PipelinePy is a flexible library designed to streamline the process of data transformation within an application using a declarative approach. By providing an easy-to-use interface for setting up sequences of data transformations, it allows users to define what should happen to their data without needing to manage how the data is processed explicitly. Each transformation in the pipeline can be tailored with contextual logic, supporting complex data handling strategies in a clear and concise manner.

Key Features

  • Declarative Data Transformations: Specify your data processing logic declaratively, making your code more readable and maintainable.
  • Context-Aware Operations: Leverage a shared context to dynamically adjust the behavior of transformations throughout the data pipeline.
  • Pre and Post Hooks: Execute custom logic before or after transformations to extend functionality without modifying the core processing stages.
  • Flexible Configuration: Configure and extend pipelines to suit various data sources and processing requirements.

Installation

Install PipelinePy via pip:

pip install pipelinepy

Getting Started

Below is a comprehensive example showcasing how to set up and use the PipelinePy library:

Import Library Components

from pipelinepy import Pipeline
from pipelinepy.transformations import Lambda, Transformation

Define Transformations

Transformation functions manipulate data. Here's how you can define some common transformations:

def Add(value):
    return Lambda(lambda data, value=value: [x + value for x in data])

def SubOne():
    return Lambda(lambda data: [x - 1 for x in data])

def Multiply(value):
    return Lambda(lambda data, value: [x * value for x in data], value)

def Print(prefix=""):
    return Lambda(lambda data, prefix: [print(prefix, data), data][1], prefix)

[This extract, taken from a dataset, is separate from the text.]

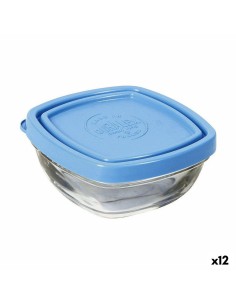 Panier-repas rond avec couvercle Plastique 700 ml (12 Unités) | Tienda24 Tienda24.eu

Custom Transformation Classes

For more complex logic, you can define transformation classes:

class Power(Transformation):
    def __init__(self, exponent):
        self.exponent = exponent

    def apply(self, data, context=None):
        return [x ** self.exponent for x in data]

class Square(Transformation):
    def apply(self, data, context=None):
        return [x * x for x in data]

class Filter(Transformation):
    def __init__(self, condition):
        self.condition = condition

    def apply(self, data, context=None):
        return list(filter(self.condition, data))

class SortBy(Transformation):
    def __init__(self, key_function, reverse=False):
        self.key_function = key_function
        self.reverse = reverse

    def apply(self, data, context=None):
        return sorted(data, key=self.key_function, reverse=self.reverse)

Initialize Data

You can start your pipeline with predefined or dynamically generated data:

class InitializeData(Transformation):
    def apply(self, data, context=None):
        return [1, 2, 3, 4, 5, 6, 7, 8, 9, 10]

Example Usage

Here is how you can set up and run a pipeline with multiple stages:

def main():
    context = {'increment': 1}
    pipeline = Pipeline(context)
    pipeline.add_pre_hook(pre_hook)
    pipeline.add_post_hook(post_hook)
    pipeline\
    .stage(InitializeData, description="Initial data")\
    .stage(Add, 2, description="Add 1")\
    .stage(RaiseTo, 2, description="Raise to 2")\
    .stage(Square, description="Square")\
    .stage(Print, prefix="Before SubOne")\
    .stage(lambda data: [x - 1 for x in data])\
    .stage(Multiply, 2)\
    .stage(Filter, lambda x: x > 200, description="Filter even numbers")\
    .stage(SortBy, lambda x: x, reverse=True, description="Sort descending")\
    .stage(Take, 2)\
    .stage(Print, prefix="Final Output")\
    .run()

if __name__ == "__main__":
    main()

Advanced Configuration

PipelinePy supports various configurations to tailor the behavior of data transformations according to specific needs. Here are some advanced configurations you might consider:

  • Context Customization: You can pass a context object that carries runtime-specific data throughout the pipeline execution. This can be useful for conditionally altering the behavior of transformations based on external factors.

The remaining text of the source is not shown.